* _Work order_
Reproduce the listing below word for word.
Segment Open
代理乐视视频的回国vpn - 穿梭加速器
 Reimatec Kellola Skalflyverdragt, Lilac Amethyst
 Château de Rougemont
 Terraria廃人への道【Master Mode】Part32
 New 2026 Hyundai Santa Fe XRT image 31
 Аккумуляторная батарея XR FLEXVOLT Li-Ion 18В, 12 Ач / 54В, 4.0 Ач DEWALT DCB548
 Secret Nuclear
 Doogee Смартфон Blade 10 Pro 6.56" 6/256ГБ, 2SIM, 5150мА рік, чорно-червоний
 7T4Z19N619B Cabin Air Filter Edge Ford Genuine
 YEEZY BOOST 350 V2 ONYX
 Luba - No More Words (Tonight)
Segment Closed
* _Output below_
代理乐视视频的回国vpn - 穿梭加速器
 Reimatec Kellola Skalflyverdragt, Lilac Amethyst
 Château de Rougemont
 Terraria廃人への道【Master Mode】Part32
 New 2026 Hyundai Santa Fe XRT image 31
 Аккумуляторная батарея XR FLEXVOLT Li-Ion 18В, 12 Ач / 54В, 4.0 Ач DEWALT DCB548
 Secret Nuclear
 Doogee Смартфон Blade 10 Pro 6.56" 6/256ГБ, 2SIM, 5150мА рік, чорно-червоний
 7T4Z19N619B Cabin Air Filter Edge Ford Genuine
 YEEZY BOOST 350 V2 ONYX
 Luba - No More Words (Tonight)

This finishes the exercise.